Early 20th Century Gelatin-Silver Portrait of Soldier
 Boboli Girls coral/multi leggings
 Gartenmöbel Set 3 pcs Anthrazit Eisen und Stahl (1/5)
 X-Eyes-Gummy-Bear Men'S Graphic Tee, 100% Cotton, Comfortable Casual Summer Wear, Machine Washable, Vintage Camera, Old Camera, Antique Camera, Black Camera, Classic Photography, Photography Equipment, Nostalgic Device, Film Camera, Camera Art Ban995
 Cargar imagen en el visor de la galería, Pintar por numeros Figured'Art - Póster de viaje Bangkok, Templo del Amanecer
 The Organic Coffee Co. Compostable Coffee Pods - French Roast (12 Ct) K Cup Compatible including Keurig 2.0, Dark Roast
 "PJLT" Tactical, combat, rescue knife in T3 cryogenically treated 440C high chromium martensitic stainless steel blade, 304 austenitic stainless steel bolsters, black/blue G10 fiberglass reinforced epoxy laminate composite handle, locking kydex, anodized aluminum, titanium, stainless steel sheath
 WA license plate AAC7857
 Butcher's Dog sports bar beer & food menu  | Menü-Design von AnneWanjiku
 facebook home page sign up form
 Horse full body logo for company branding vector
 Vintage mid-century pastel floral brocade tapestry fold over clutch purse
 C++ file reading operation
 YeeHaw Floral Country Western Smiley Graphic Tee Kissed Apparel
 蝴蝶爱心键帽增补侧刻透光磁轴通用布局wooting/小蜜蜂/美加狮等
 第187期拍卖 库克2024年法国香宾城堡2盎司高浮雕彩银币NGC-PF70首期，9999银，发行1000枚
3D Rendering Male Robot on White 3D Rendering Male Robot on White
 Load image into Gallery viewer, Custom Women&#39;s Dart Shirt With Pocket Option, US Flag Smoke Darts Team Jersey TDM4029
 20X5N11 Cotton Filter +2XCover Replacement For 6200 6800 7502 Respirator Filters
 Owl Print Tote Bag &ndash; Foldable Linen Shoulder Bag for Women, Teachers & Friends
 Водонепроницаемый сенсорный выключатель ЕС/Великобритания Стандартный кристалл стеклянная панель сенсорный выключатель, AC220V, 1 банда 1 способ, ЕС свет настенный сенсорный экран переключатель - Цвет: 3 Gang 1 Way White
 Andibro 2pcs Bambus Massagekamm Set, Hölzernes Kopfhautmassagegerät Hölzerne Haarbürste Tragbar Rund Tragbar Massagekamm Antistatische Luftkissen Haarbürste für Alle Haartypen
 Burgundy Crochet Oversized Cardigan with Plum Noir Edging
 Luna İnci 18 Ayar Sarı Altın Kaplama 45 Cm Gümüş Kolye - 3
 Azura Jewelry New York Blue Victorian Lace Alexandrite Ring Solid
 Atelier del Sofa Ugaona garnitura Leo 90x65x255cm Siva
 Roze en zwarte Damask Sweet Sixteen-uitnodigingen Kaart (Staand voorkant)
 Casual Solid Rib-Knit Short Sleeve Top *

---

◆ To do
Each record above must be given again exactly.

◆ Result of this task
Early 20th Century Gelatin-Silver Portrait of Soldier
 Boboli Girls coral/multi leggings
 Gartenmöbel Set 3 pcs Anthrazit Eisen und Stahl (1/5)
 X-Eyes-Gummy-Bear Men'S Graphic Tee, 100% Cotton, Comfortable Casual Summer Wear, Machine Washable, Vintage Camera, Old Camera, Antique Camera, Black Camera, Classic Photography, Photography Equipment, Nostalgic Device, Film Camera, Camera Art Ban995
 Cargar imagen en el visor de la galería, Pintar por numeros Figured'Art - Póster de viaje Bangkok, Templo del Amanecer
 The Organic Coffee Co. Compostable Coffee Pods - French Roast (12 Ct) K Cup Compatible including Keurig 2.0, Dark Roast
 "PJLT" Tactical, combat, rescue knife in T3 cryogenically treated 440C high chromium martensitic stainless steel blade, 304 austenitic stainless steel bolsters, black/blue G10 fiberglass reinforced epoxy laminate composite handle, locking kydex, anodized aluminum, titanium, stainless steel sheath
 WA license plate AAC7857
 Butcher's Dog sports bar beer & food menu  | Menü-Design von AnneWanjiku
 facebook home page sign up form
 Horse full body logo for company branding vector
 Vintage mid-century pastel floral brocade tapestry fold over clutch purse
 C++ file reading operation
 YeeHaw Floral Country Western Smiley Graphic Tee Kissed Apparel
 蝴蝶爱心键帽增补侧刻透光磁轴通用布局wooting/小蜜蜂/美加狮等
 第187期拍卖 库克2024年法国香宾城堡2盎司高浮雕彩银币NGC-PF70首期，9999银，发行1000枚
3D Rendering Male Robot on White 3D Rendering Male Robot on White
 Load image into Gallery viewer, Custom Women&#39;s Dart Shirt With Pocket Option, US Flag Smoke Darts Team Jersey TDM4029
 20X5N11 Cotton Filter +2XCover Replacement For 6200 6800 7502 Respirator Filters
 Owl Print Tote Bag &ndash; Foldable Linen Shoulder Bag for Women, Teachers & Friends
 Водонепроницаемый сенсорный выключатель ЕС/Великобритания Стандартный кристалл стеклянная панель сенсорный выключатель, AC220V, 1 банда 1 способ, ЕС свет настенный сенсорный экран переключатель - Цвет: 3 Gang 1 Way White
 Andibro 2pcs Bambus Massagekamm Set, Hölzernes Kopfhautmassagegerät Hölzerne Haarbürste Tragbar Rund Tragbar Massagekamm Antistatische Luftkissen Haarbürste für Alle Haartypen
 Burgundy Crochet Oversized Cardigan with Plum Noir Edging
 Luna İnci 18 Ayar Sarı Altın Kaplama 45 Cm Gümüş Kolye - 3
 Azura Jewelry New York Blue Victorian Lace Alexandrite Ring Solid
 Atelier del Sofa Ugaona garnitura Leo 90x65x255cm Siva
 Roze en zwarte Damask Sweet Sixteen-uitnodigingen Kaart (Staand voorkant)
 Casual Solid Rib-Knit Short Sleeve Top *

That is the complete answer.